• **About this task**
Begin at the line containing "Used 2024 Toyota" in the entries below and end at the line containing "Belted tapered trousers"; transcribe that range exactly and nothing outside it.

• **Material for this task**
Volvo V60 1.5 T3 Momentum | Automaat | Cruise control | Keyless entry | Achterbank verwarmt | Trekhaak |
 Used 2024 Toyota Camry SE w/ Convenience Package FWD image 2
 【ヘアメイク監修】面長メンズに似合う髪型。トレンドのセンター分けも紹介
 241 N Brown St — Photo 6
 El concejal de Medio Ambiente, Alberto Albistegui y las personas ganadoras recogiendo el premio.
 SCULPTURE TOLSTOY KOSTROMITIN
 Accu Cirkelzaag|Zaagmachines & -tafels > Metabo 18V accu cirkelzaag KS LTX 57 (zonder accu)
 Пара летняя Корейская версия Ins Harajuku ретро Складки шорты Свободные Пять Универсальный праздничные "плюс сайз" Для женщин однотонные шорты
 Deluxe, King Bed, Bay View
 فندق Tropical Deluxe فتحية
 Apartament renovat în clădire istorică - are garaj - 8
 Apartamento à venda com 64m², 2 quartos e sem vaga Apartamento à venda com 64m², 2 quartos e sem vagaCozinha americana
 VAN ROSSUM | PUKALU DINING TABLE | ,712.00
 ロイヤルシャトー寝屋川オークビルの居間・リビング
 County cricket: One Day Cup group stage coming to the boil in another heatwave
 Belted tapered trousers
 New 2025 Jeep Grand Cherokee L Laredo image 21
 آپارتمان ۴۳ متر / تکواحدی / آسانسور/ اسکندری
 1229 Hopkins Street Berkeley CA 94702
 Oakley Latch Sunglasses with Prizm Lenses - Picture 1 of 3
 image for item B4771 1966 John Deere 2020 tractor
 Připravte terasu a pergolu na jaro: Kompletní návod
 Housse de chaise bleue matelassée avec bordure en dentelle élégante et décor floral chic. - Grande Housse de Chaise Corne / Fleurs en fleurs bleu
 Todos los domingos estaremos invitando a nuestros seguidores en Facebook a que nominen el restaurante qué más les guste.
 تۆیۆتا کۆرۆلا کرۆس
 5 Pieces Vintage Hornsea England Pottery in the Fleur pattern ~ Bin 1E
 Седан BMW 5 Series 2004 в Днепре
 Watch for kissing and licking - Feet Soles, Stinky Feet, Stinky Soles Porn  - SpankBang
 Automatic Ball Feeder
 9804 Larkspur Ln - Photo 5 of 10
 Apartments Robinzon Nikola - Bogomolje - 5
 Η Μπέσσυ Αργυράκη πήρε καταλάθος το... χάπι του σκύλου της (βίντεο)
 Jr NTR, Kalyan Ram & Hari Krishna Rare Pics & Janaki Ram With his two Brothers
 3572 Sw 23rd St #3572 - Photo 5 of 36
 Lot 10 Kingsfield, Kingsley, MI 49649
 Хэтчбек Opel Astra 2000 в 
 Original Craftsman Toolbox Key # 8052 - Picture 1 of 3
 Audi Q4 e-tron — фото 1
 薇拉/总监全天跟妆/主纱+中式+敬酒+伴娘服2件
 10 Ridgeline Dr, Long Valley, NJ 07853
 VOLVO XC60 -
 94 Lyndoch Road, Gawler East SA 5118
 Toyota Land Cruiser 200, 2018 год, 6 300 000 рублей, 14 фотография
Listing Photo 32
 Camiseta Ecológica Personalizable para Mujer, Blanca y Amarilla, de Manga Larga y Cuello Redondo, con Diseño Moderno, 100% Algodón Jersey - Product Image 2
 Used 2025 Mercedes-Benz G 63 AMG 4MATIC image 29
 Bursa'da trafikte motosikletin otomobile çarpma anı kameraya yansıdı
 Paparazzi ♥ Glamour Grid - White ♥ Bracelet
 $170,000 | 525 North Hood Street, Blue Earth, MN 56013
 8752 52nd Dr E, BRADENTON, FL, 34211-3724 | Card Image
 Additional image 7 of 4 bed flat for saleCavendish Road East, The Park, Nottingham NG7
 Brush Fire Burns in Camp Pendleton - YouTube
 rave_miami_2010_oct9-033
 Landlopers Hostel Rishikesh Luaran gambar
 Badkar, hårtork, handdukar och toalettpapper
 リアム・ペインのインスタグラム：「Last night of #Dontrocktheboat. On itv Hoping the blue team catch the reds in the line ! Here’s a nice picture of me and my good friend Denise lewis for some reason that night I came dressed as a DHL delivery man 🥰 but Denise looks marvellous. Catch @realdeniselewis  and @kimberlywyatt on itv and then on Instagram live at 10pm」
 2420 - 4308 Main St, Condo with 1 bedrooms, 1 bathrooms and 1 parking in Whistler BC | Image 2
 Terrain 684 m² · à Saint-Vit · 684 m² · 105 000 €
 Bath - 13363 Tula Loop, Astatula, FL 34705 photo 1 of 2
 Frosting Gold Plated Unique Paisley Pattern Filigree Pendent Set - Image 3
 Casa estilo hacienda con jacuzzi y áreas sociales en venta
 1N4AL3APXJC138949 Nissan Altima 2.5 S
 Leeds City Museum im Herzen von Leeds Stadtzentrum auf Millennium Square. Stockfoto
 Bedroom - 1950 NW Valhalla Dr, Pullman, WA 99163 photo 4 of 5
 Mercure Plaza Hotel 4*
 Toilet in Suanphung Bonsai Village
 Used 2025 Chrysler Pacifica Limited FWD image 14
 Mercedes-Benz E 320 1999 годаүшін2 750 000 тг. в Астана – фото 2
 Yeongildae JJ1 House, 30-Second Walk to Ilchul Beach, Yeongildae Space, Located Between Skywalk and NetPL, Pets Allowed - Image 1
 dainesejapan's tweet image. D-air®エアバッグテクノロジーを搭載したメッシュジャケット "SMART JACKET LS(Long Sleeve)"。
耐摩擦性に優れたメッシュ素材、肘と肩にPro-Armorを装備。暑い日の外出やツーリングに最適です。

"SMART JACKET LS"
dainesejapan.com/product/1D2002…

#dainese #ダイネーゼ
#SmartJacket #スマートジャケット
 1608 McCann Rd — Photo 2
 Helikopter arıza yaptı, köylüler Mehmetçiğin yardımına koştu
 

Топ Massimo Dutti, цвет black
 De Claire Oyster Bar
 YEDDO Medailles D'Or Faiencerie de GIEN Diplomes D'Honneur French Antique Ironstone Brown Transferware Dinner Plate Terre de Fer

• **Result**
 Used 2024 Toyota Camry SE w/ Convenience Package FWD image 2
 【ヘアメイク監修】面長メンズに似合う髪型。トレンドのセンター分けも紹介
 241 N Brown St — Photo 6
 El concejal de Medio Ambiente, Alberto Albistegui y las personas ganadoras recogiendo el premio.
 SCULPTURE TOLSTOY KOSTROMITIN
 Accu Cirkelzaag|Zaagmachines & -tafels > Metabo 18V accu cirkelzaag KS LTX 57 (zonder accu)
 Пара летняя Корейская версия Ins Harajuku ретро Складки шорты Свободные Пять Универсальный праздничные "плюс сайз" Для женщин однотонные шорты
 Deluxe, King Bed, Bay View
 فندق Tropical Deluxe فتحية
 Apartament renovat în clădire istorică - are garaj - 8
 Apartamento à venda com 64m², 2 quartos e sem vaga Apartamento à venda com 64m², 2 quartos e sem vagaCozinha americana
 VAN ROSSUM | PUKALU DINING TABLE | ,712.00
 ロイヤルシャトー寝屋川オークビルの居間・リビング
 County cricket: One Day Cup group stage coming to the boil in another heatwave
 Belted tapered trousers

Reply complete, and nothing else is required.